De rol van Barnaba was intrigerend. Vergelijk hem met Jago uit Otello of Scarpia uit Tosca. Allen zijn zij vertegenwoordigers van het structurele kwaad en allen regisseurs en bedenkers van intriges om daar persoonlijk voordeel uit te halen. De bariton Piotr Prochera maakte deze rol vocaal en acterend helemaal waar. Dat gold ook voor de bas Dong Won Seo als Alvise Badoero eveneens een medewerker van de geheime dienst. De tenor Derek Taylor had het volume en de uitstraling om een geloofwaardige Enzo Grimaldo neer te zetten. Deze protagonist zag een vlucht met zijn jeugdliefde de mist in gaan maar zag ook een toekomst met Gioconda niet meer zitten. Treurnis was troef op alle niveaus bij alle protagonisten. Hun grijze saaie outfit verwees naar een sobere, neerslachtige leefomgeving.
Regie
Cruciaal bleek voor een aantal toeschouwers de wijze waarop de regisseurs Alexandra Szemerédy en Magdolna Parditka met het script waren omgegaan. Een aantal toeschouwers kon zich daar niet in vinden.

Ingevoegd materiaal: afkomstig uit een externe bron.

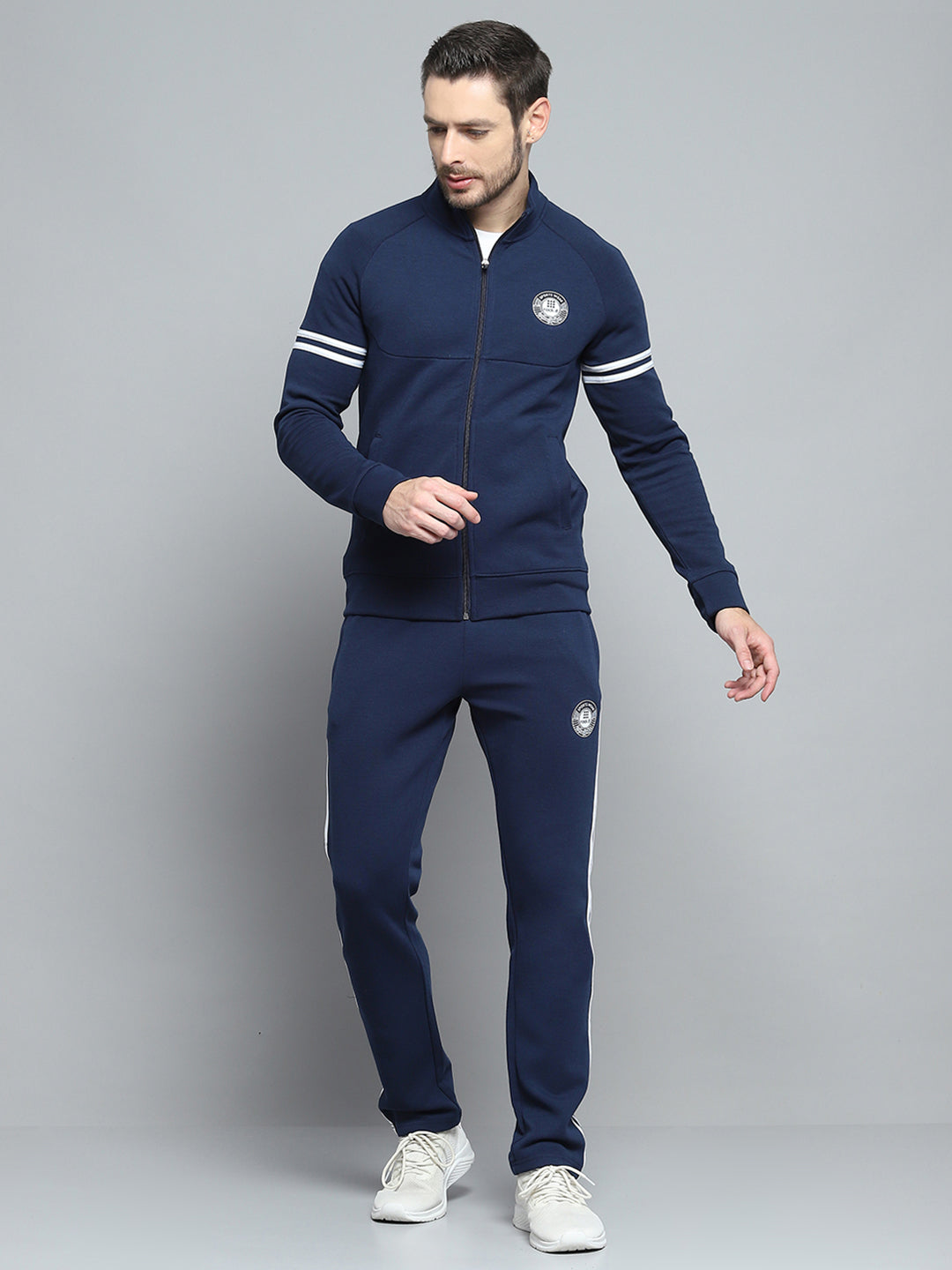 Men Navy Blue Printed Mock Neck Full Sleeve Winter Tracksuit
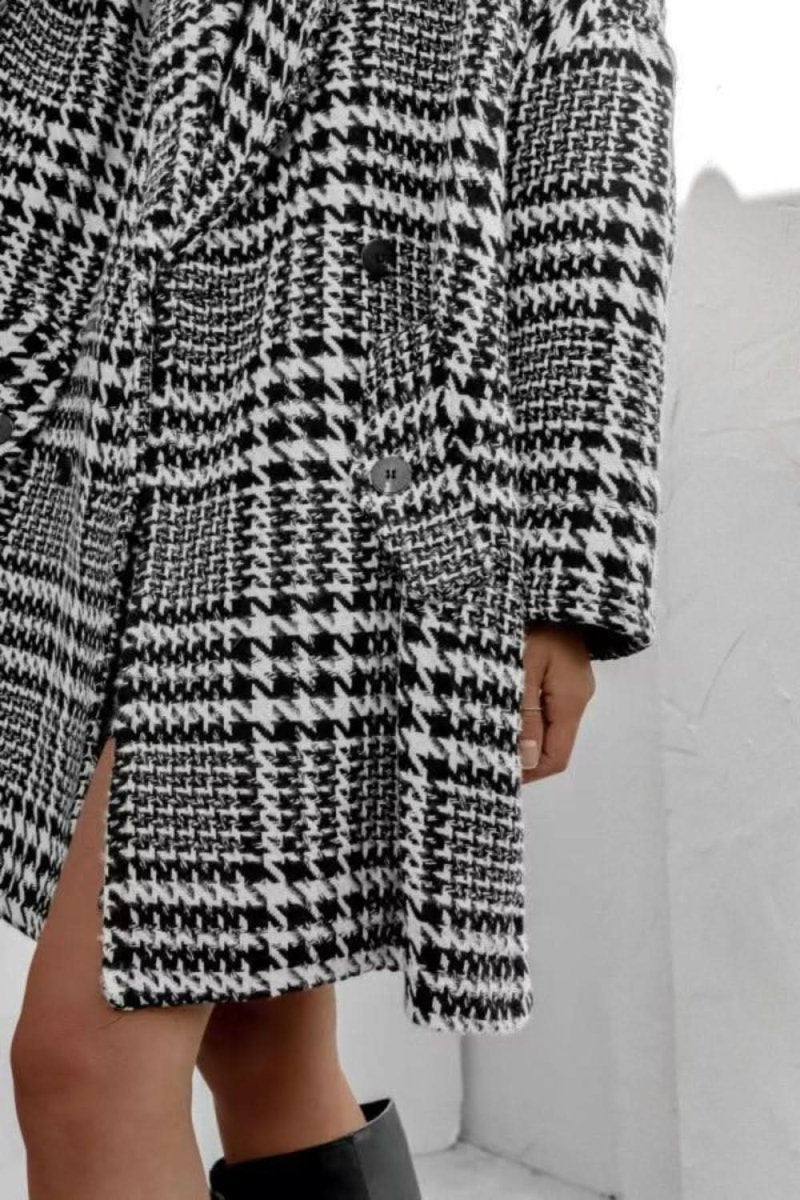 Houndstooth Collared Neck Long Sleeve Coat with Pockets - Love Salve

Het libretto van La Gioconda is van Arrigo Boito. Hij schreef dat onder het pseudoniem Tobio Gorrio naar Victor Hugo’s drama ‘Angelo, Tyran de Padoue.’ Victor Hugo verbeeldde in zijn werk van 1835 de angst die er heerste ten tijde van de zogenaamde ‘Raad van tien’ met het uitgebreide net van spionnen en de vele kleine heersers die willekeurig handelden. Boito nam alle hoofdfiguren uit Hugo’s stuk over, voorzag ze van nieuwe namen en verplaatste het verhaal van Padua naar Venetië. Het bleek een goede vondst voor een grote opera. Wat Victor Hugo deed, deden op hun beurt de huidige regisseurs. Zij verplaatsten het stuk naar de jaren zestig in een socialistische staat waarin een schrikbewind aan het roer staat en onderdrukking aan de orde van de dag is. Sport en spel moeten het volk rustig houden, maar iedereen leeft in angst door anderen verraden te worden. Aan verraad meewerken leverde dikwijls voordeel op. Deze ‘move’ van de regisseurs had voor de toeschouwers nog al wat consequenties. Velen vonden het verpolitiseren van de opera te ver gaan. Er was te veel gesleuteld aan het originele script en er ontstond daardoor volgens hen een rommelige voorstelling. De regisseurs hadden duidelijk de bedoeling om het hele stuk kritiek op autoritaire staten te laten ademen waar met behulp van verklikkers onschuldige mensen met opsluiting of de dood worden bedreigd. Deze visie werd ontleend aan een jarenlang systeem van onderdrukking dat in Venetië heerste en onder controle stond van een ‘Raad van tien’.
Corrupt systeem
In deze voorstelling kregen Alvise Baddero en Barnaba als leiders van een corrupt systeem nadrukkelijk veel aandacht. Chantage en het afdwingen van lichamelijk genot in ruil voor het vrijstellen van gevangenisstraf was daar een onderdeel van. Met name Enzo profiteerde daarvan omdat Gioconda bereid was zich te geven aan Barnaba in ruil voor de vrijheid van haar echtgenoot. Volgens het script zou Gioconda sterven door zelfmoord. Dat liep wel een beetje anders. Dood ging ze wel, maar toch volgens mij door een messteek van Enzo. Waarom deze wijziging in het scenario was aangebracht ontging me. Misschien kan iemand me dat nog vertellen. Barnaba zou volgens het boekje in leven blijven maar hij dronk het voor Laura bedoelde giftdrankje dat hem werd aangereikt door Gioconda. Het riep wel enige verwarring op net voor het einde van de voorstelling.
Nog een opmerking: Bij de aanvang van het ballet van de urendans werd gesymboliseerd hoe ver de macht ging van Barnaba in de samenleving. Hij instrueerde de balletgroep hoe zij hun dans moesten uitvoeren. Hij bleek de spin te zijn in een groot web.
Mijn opinie over de gevoerde regie is zeker niet negatief. In tegendeel wie rondkijkt wat er in Europa gebeurt zal ongetwijfeld herkennen wat de twee regisseurs er toe bracht om de opera te actualiseren. Een dergelijke uitvoering verdient eigenlijk een nabespreking.